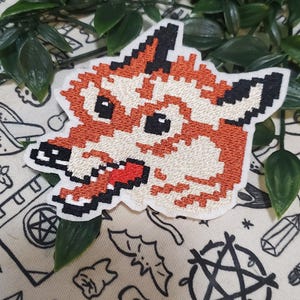 Pu&ograve; includere: Una toppa ricamata raffigurante una testa di volpe in stile pixel art. La volpe &egrave; resa in tonalit&agrave; arancione, crema e nero, con una lingua rosso brillante visibile nella bocca aperta. Il design presenta un bordo bianco e un aspetto squadrato.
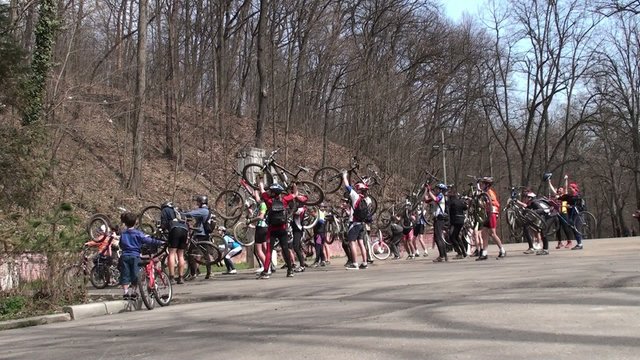 Mountain bikers celebrate victory by holding bikes over heads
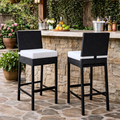 Two black outdoor bar stools with white cushions in front of a stone outdoor bar.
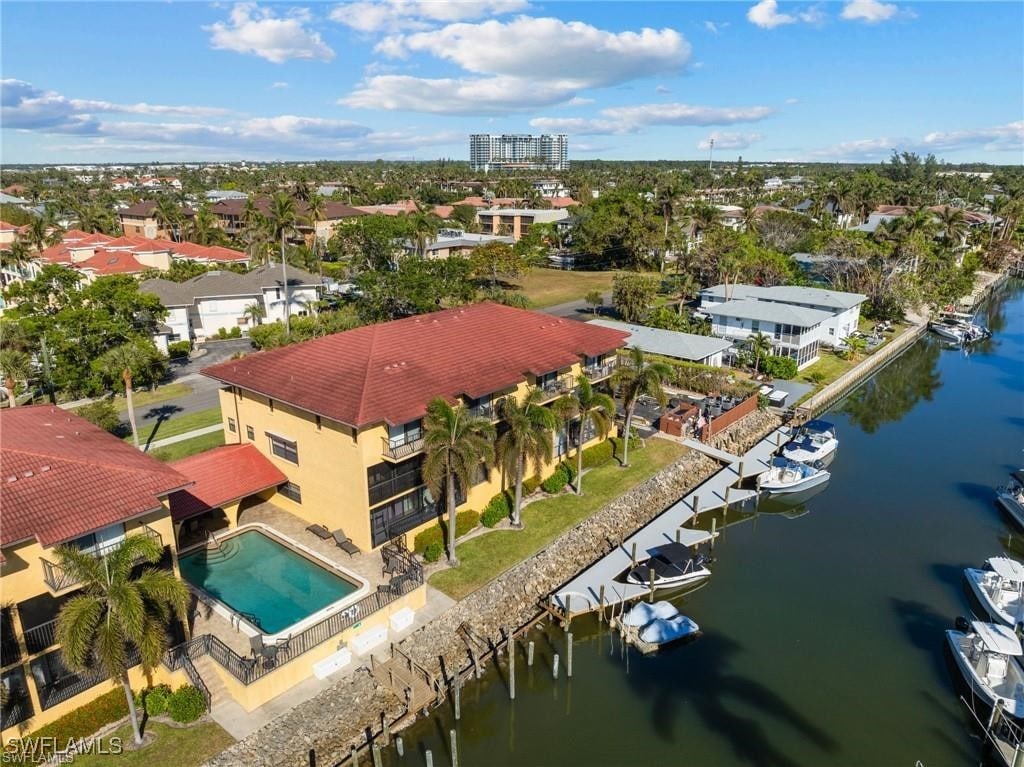 drone / aerial view featuring a water view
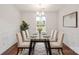 Elegant dining room with a glass table, wainscoting and contemporary light fixture at 2515 Walnut Forest Dr, Charlotte, NC 28216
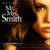 A split-screen image shows a woman with long brown hair and a dark top, with a stylized 'The Smiths' logo in the top-left corner.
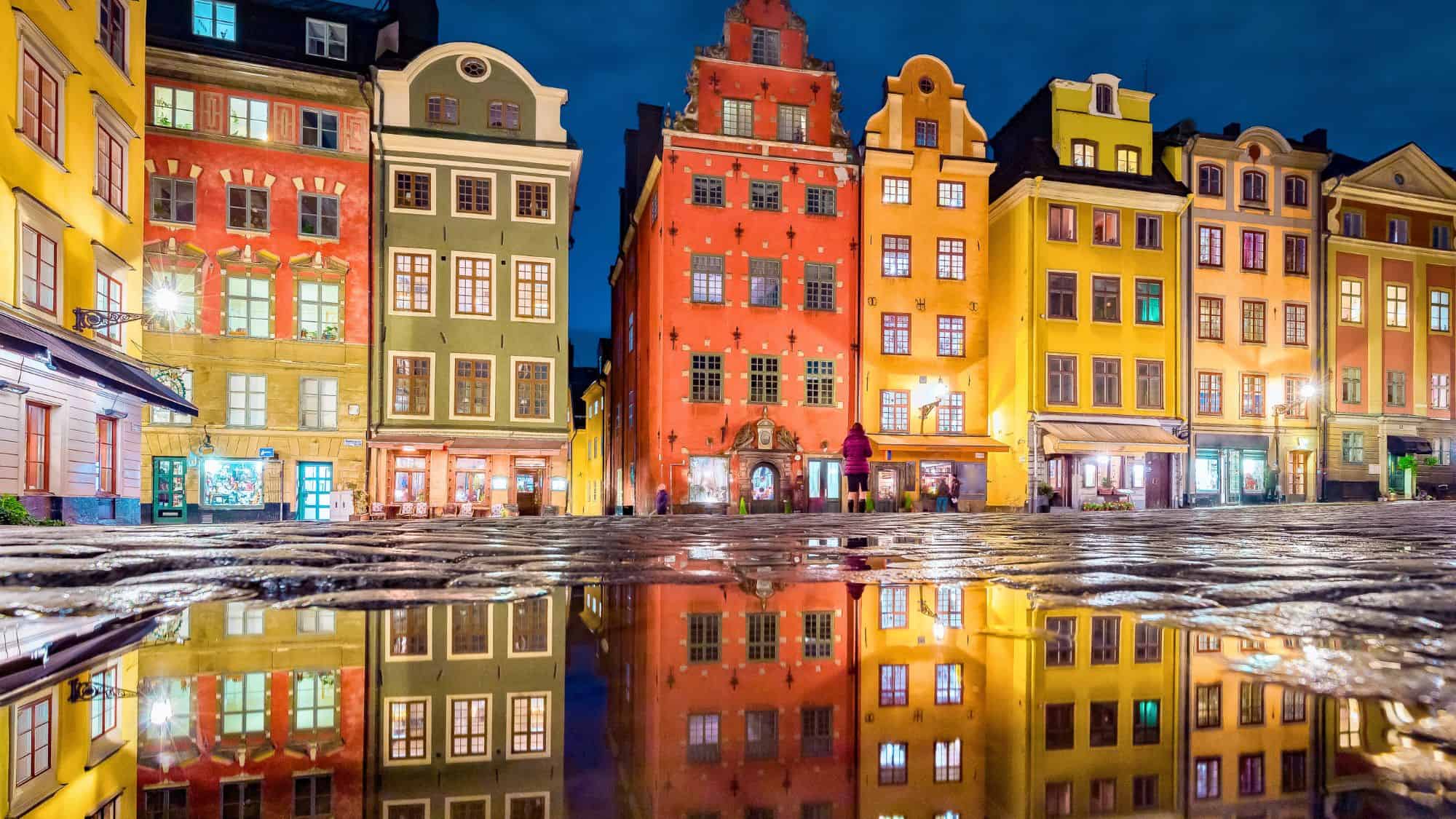 A row of colorful historic buildings in Stockholm’s Gamla Stan reflect in a puddle on the cobblestone square at night, glowing warmly under streetlights and a deep blue sky.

·····

Extract the part of the records that opens with the line containing "drone / aerial view featuring a water view" and closes with the line containing "Elegant dining room". Take only those lines, exactly, and no pictures.

#### WRITTEN ANSWER:
 drone / aerial view featuring a water view
 Elegant dining room with a glass table, wainscoting and contemporary light fixture at 2515 Walnut Forest Dr, Charlotte, NC 28216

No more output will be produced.